(Records from a data source)
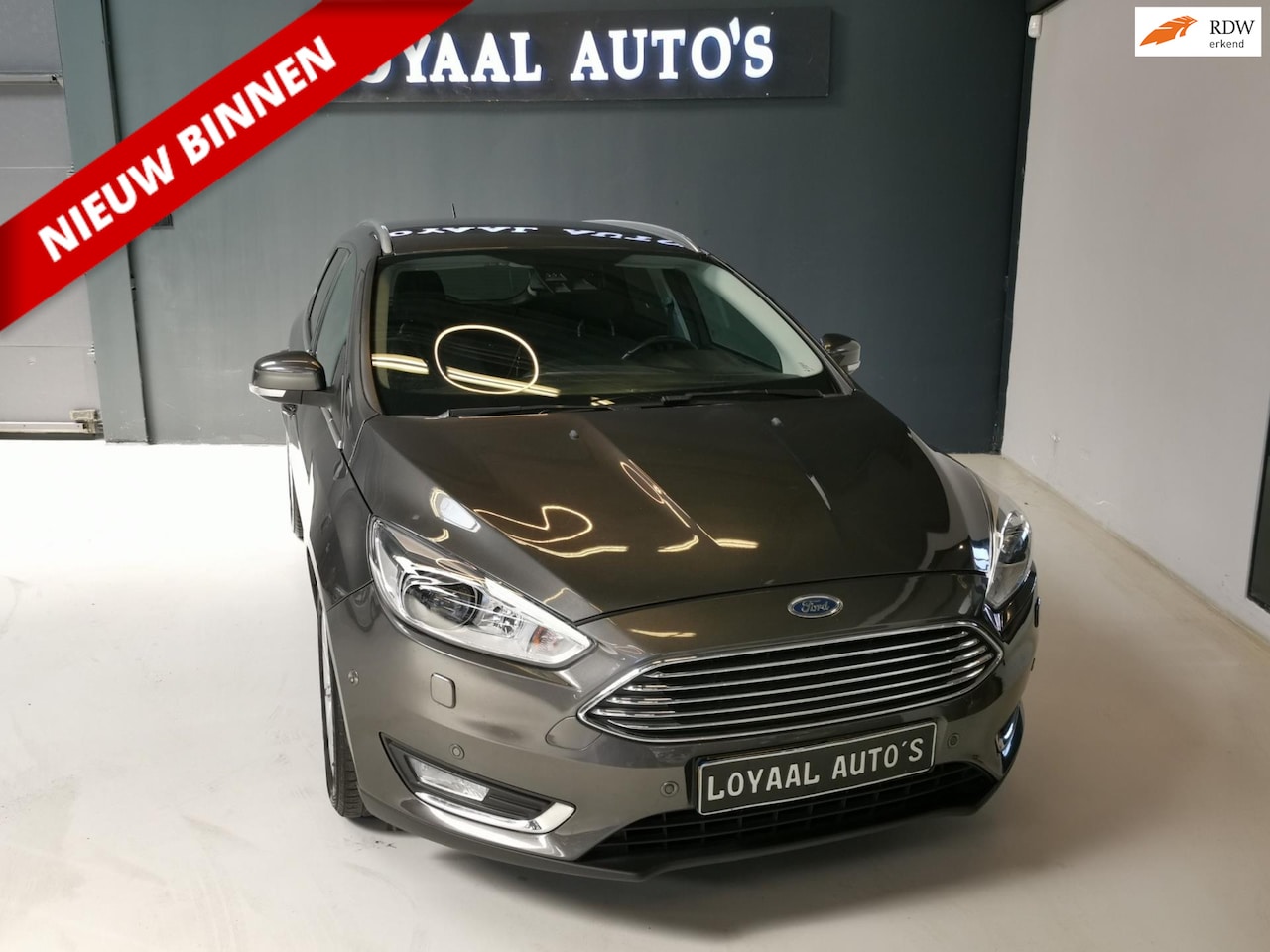Ford Focus Wagon - 1.0 First Edition | NAVI | AIRCO | CRUISE | STOEL.VERW | PDC | APK. - AutoWereld.nl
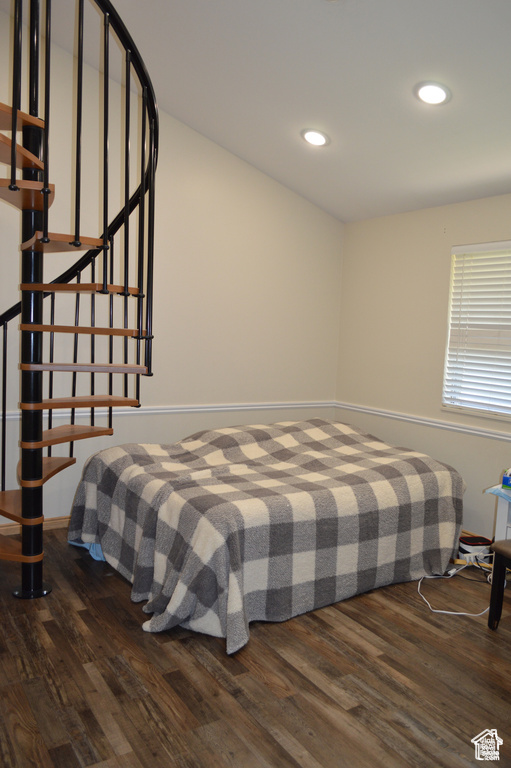 Bedroom featuring dark wood-type flooring, recessed lighting, and baseboards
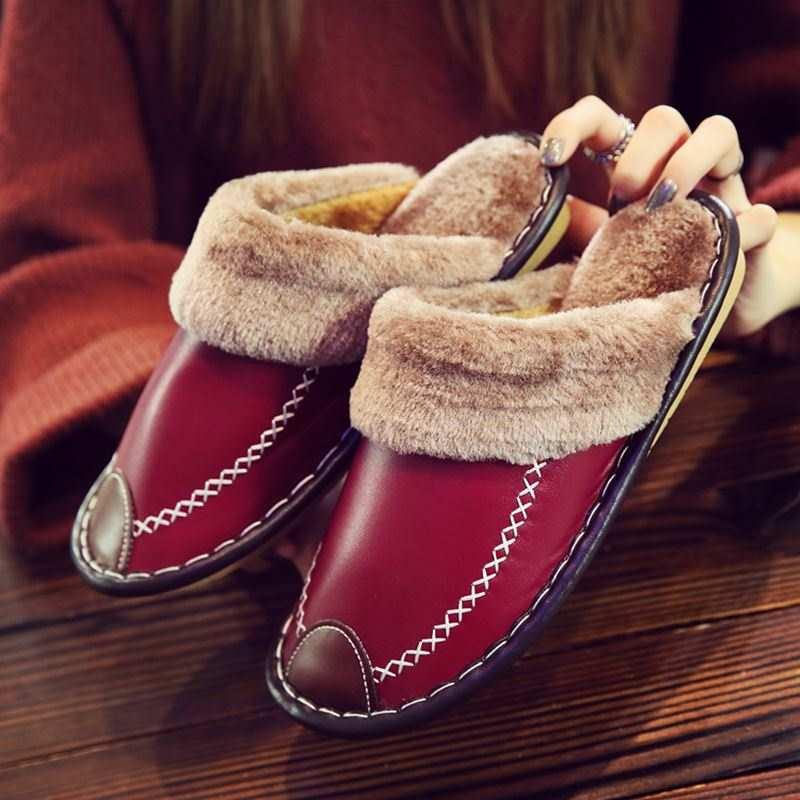 Unisex leather house slippers with plush faux fur lining in deep earth tones, featuring a non-slip sole.
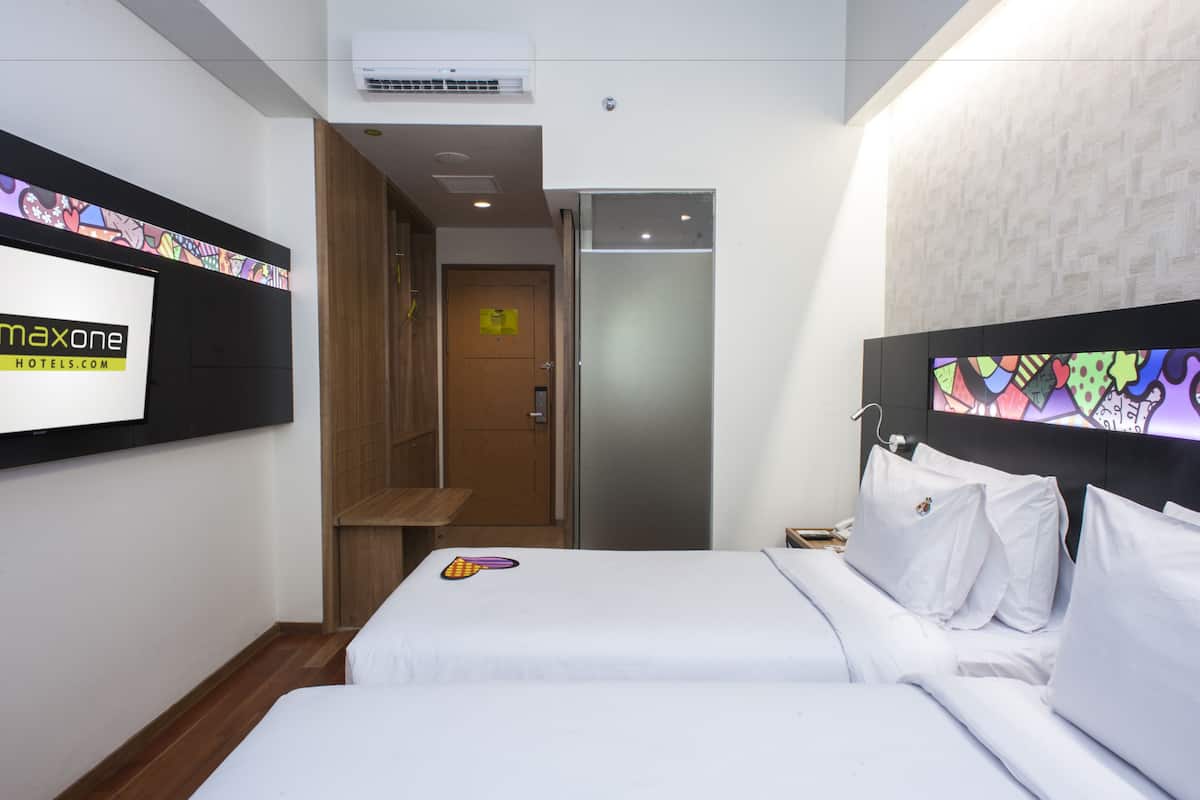 Ein Hotelzimmer mit zwei Betten, einer Holzbank, einer Tür und einem an der Wand befestigten Fernseher, der den Namen des Hotels zeigt.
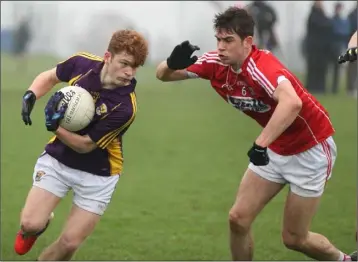  ??  ?? Dylan Lyne of Wexford tries to find a way past Peter O’Driscoll (Cork) during Saturday’s clash.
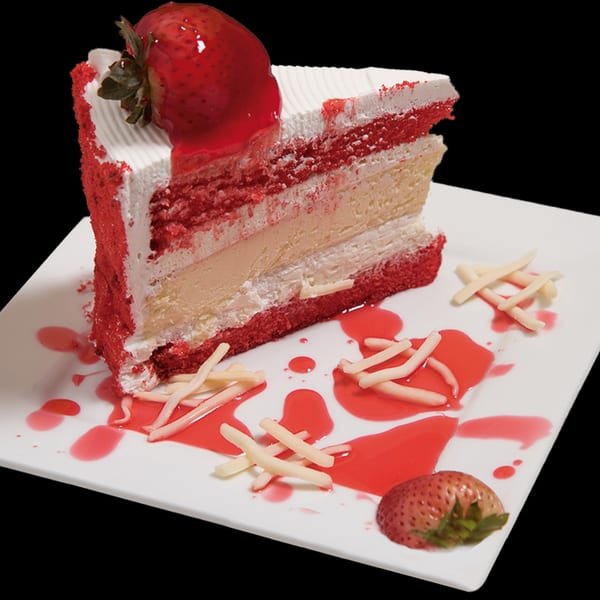 Slice of red velvet cake with white frosting, strawberry topping, and red sauce on a white plate.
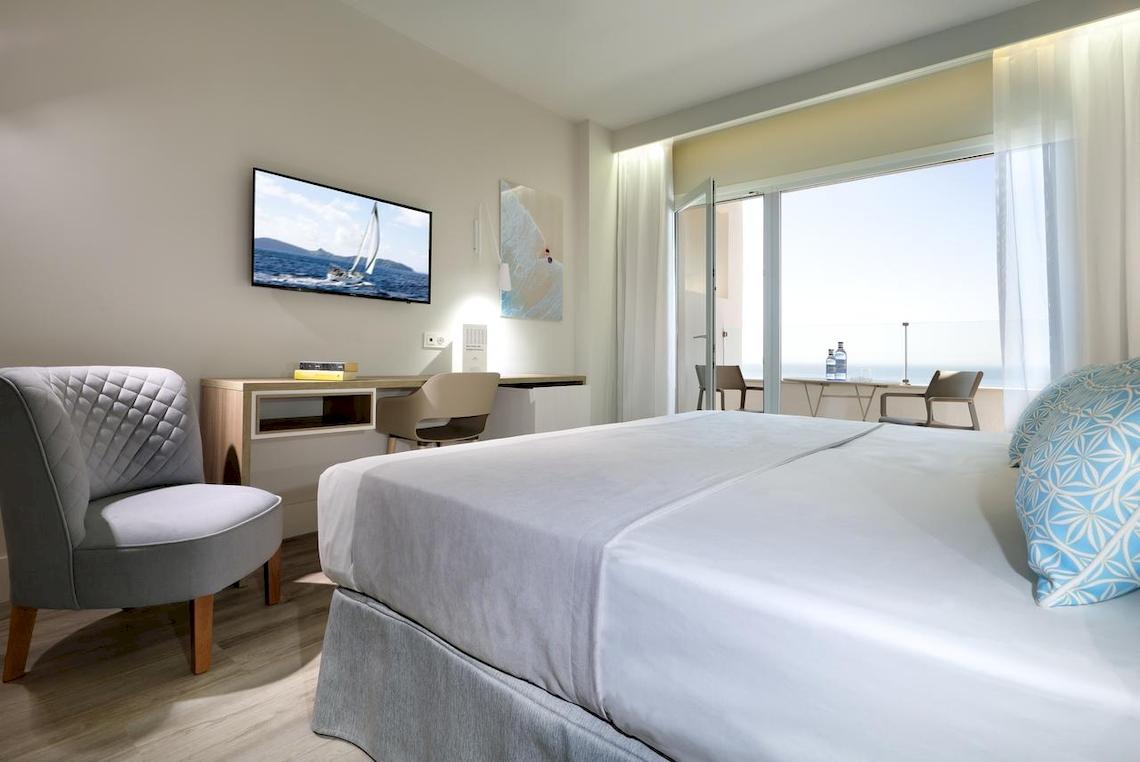 Innenansicht eines Zimmers im Playabonita Hotel mit Bett, Schreibtisch und Fernseher.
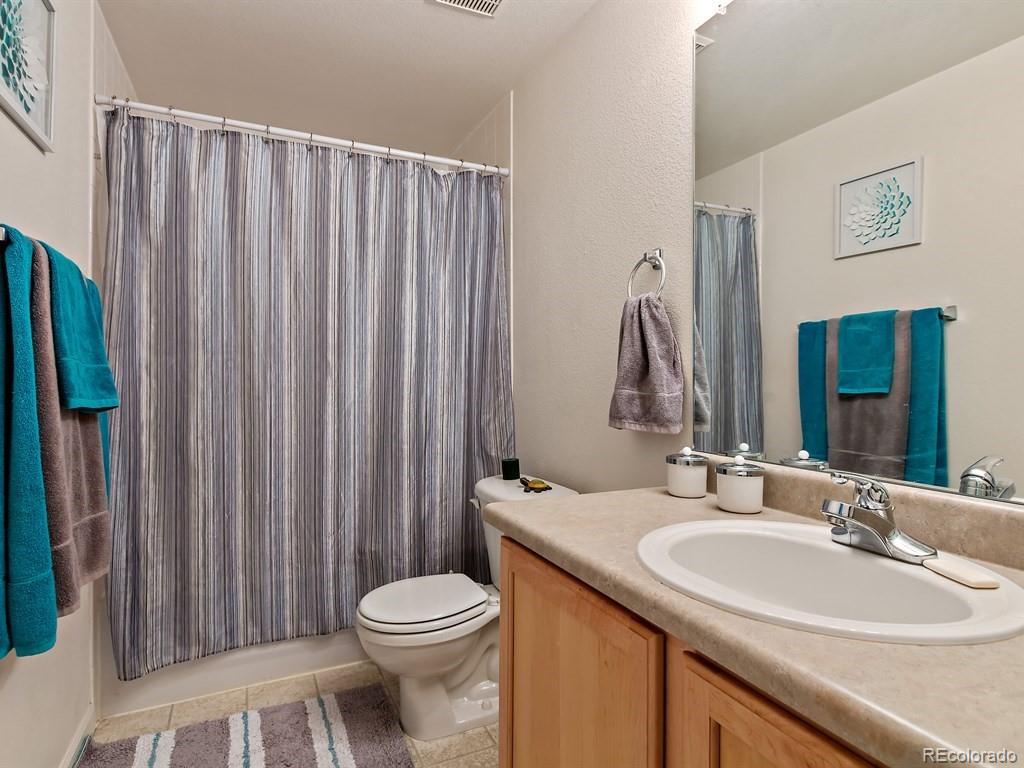 5800 Tower Road, Unit 908 Denver, CO 80249 - Photo 17 of 25 a bathroom with a sink a toilet and shower curtain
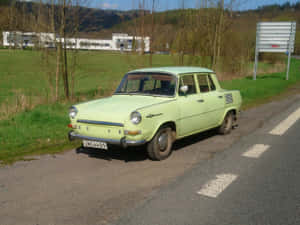 Vintage Skoda1000 Mb Parked Roadside Wallpaper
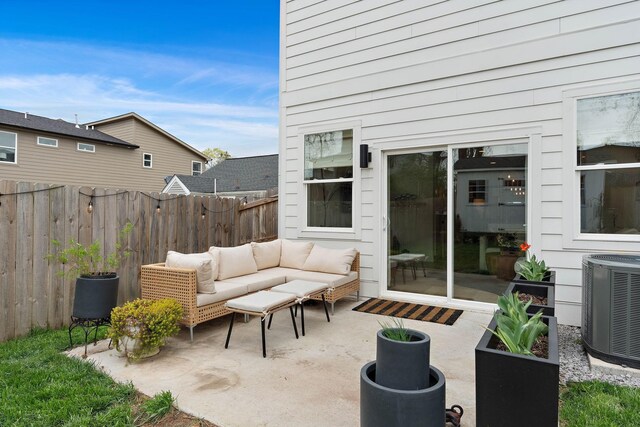 view of patio featuring cooling unit, an outdoor living space, and fence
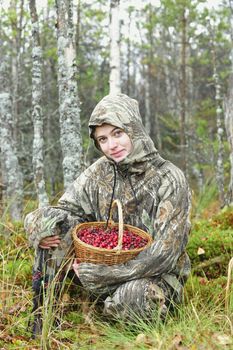 Young woman pick cranberry on a bog. Young woman pick cranberry on a bog.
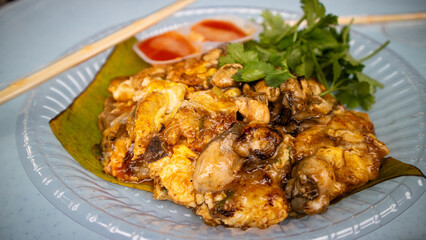 Chinese Oyster Omelette topped with sauce closeup, Hot pan of crispy fried oyster omelette served with bean sprout and spicy sauce.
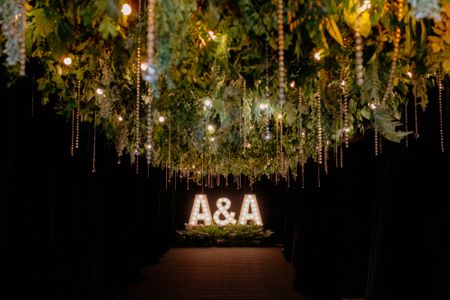 Fun giant LED letters in the couple's initials with hanging decor and lighting for the reception night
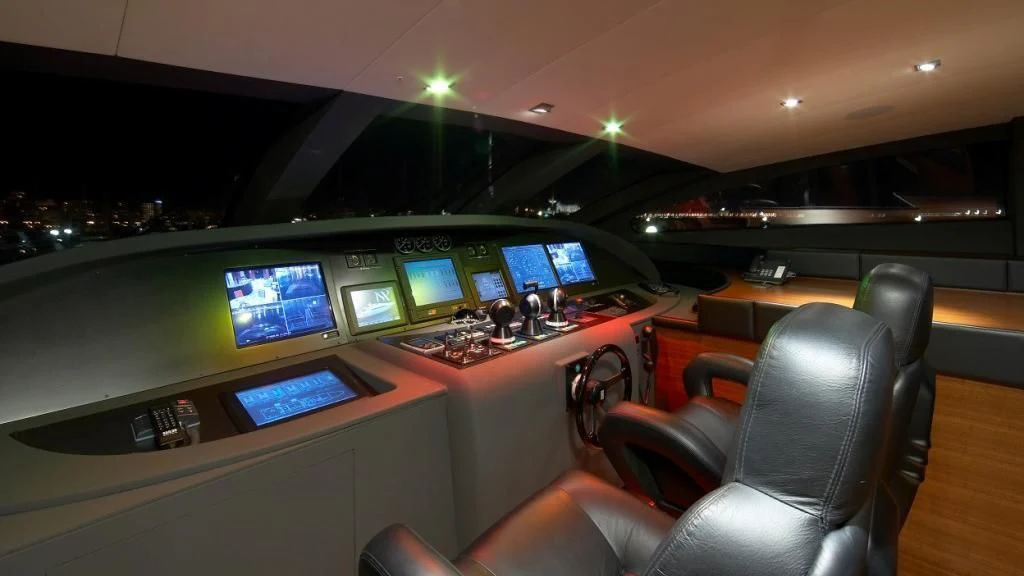 a room with many monitors and chairs aboard MATSU Yacht for Sale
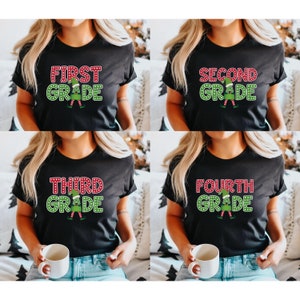 May include: Four black t-shirts with grade level designs. Each shirt has a different grade level: First, Second, Third, and Fourth Grade. The text is in red and green with a cartoon elf illustration.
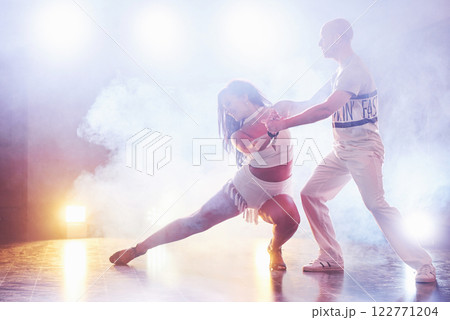 Skillful dancers performing in the dark room under the concert light and smoke. Sensual couple performing an artistic and emotional contemporary dance 122771204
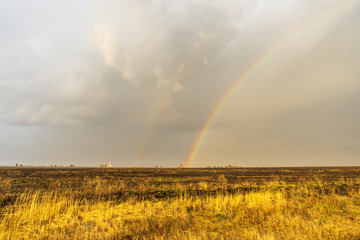 Spring landscape with double rainbow over burned field after thunderstorm. Beautiful natural background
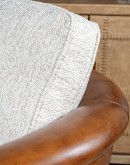 Ella Bark Swivel Chair featuring a blend of hand-burnished leather and light tweed fabric upholstery, showcasing a sleek design with a hardwood frame and swivel mechanism.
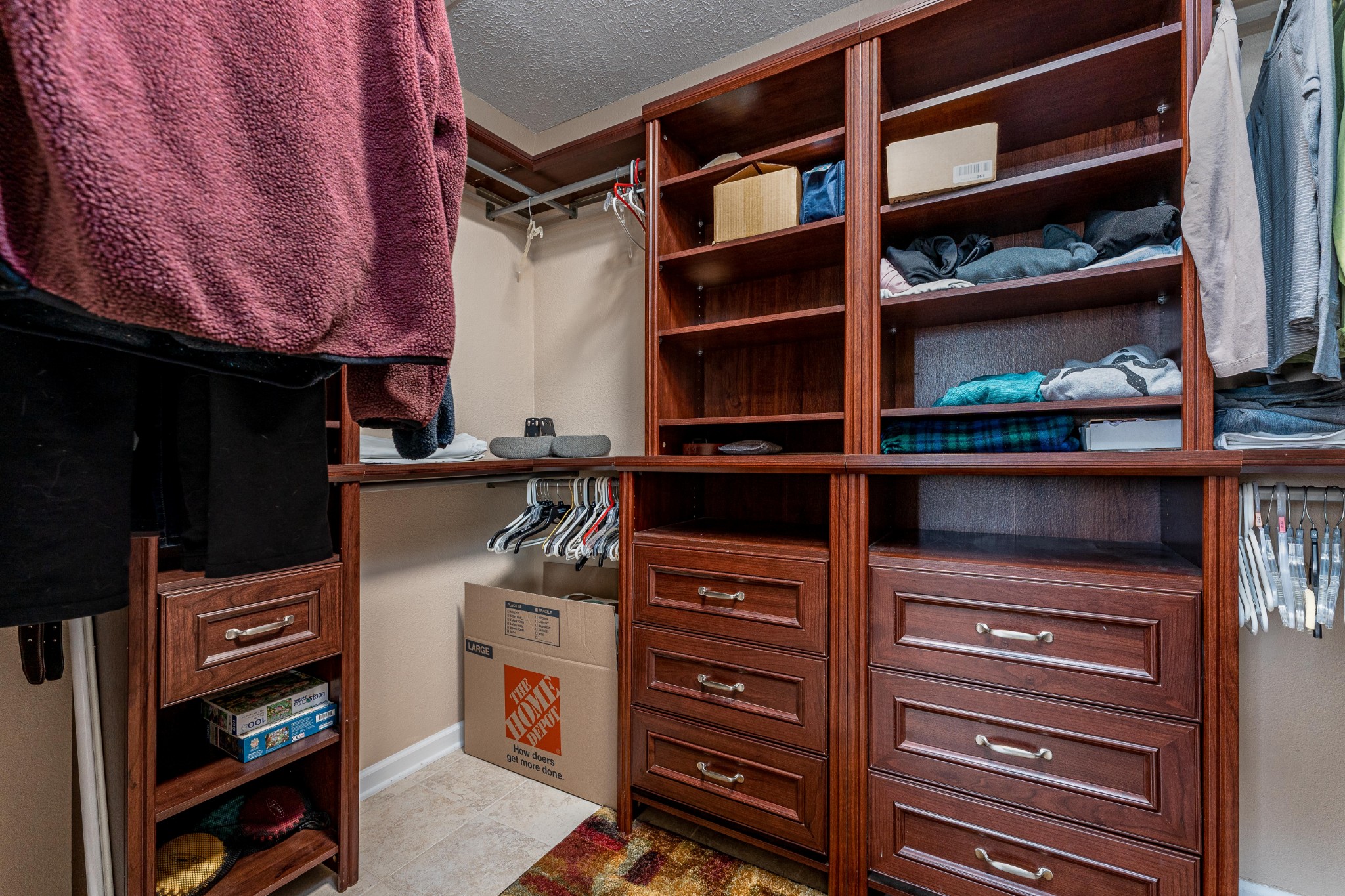 1243 Hunters Point Lane Spring Hill, TN 37174 - Photo 33 of 35 a view of walk in closet with clothes and shoes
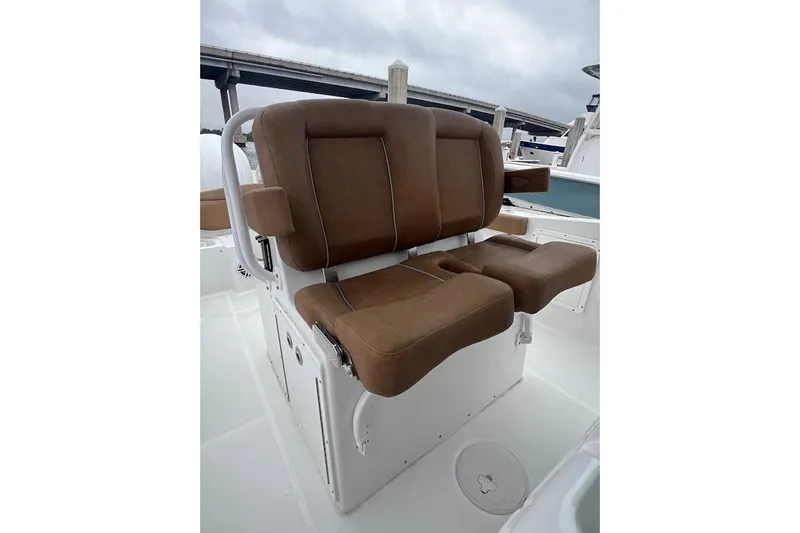 Slide: The Image of 2023 Sea Hunt Ultra 305 SE boat seating with brown cushions, white base, and armrests. - 28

- [TASK]: Pictures do not belong in your copy; restate word for word the lines from the one containing "Innenansicht eines Zimmers" through the last line of the records above.

- [ANSWER BOX]:
 Innenansicht eines Zimmers im Playabonita Hotel mit Bett, Schreibtisch und Fernseher.
 5800 Tower Road, Unit 908 Denver, CO 80249 - Photo 17 of 25 a bathroom with a sink a toilet and shower curtain
 Vintage Skoda1000 Mb Parked Roadside Wallpaper
 view of patio featuring cooling unit, an outdoor living space, and fence
 Young woman pick cranberry on a bog. Young woman pick cranberry on a bog.
 Chinese Oyster Omelette topped with sauce closeup, Hot pan of crispy fried oyster omelette served with bean sprout and spicy sauce.
 Fun giant LED letters in the couple's initials with hanging decor and lighting for the reception night
 a room with many monitors and chairs aboard MATSU Yacht for Sale
 May include: Four black t-shirts with grade level designs. Each shirt has a different grade level: First, Second, Third, and Fourth Grade. The text is in red and green with a cartoon elf illustration.
 Skillful dancers performing in the dark room under the concert light and smoke. Sensual couple performing an artistic and emotional contemporary dance 122771204
 Spring landscape with double rainbow over burned field after thunderstorm. Beautiful natural background
 Ella Bark Swivel Chair featuring a blend of hand-burnished leather and light tweed fabric upholstery, showcasing a sleek design with a hardwood frame and swivel mechanism.
 1243 Hunters Point Lane Spring Hill, TN 37174 - Photo 33 of 35 a view of walk in closet with clothes and shoes
 Slide: The Image of 2023 Sea Hunt Ultra 305 SE boat seating with brown cushions, white base, and armrests. - 28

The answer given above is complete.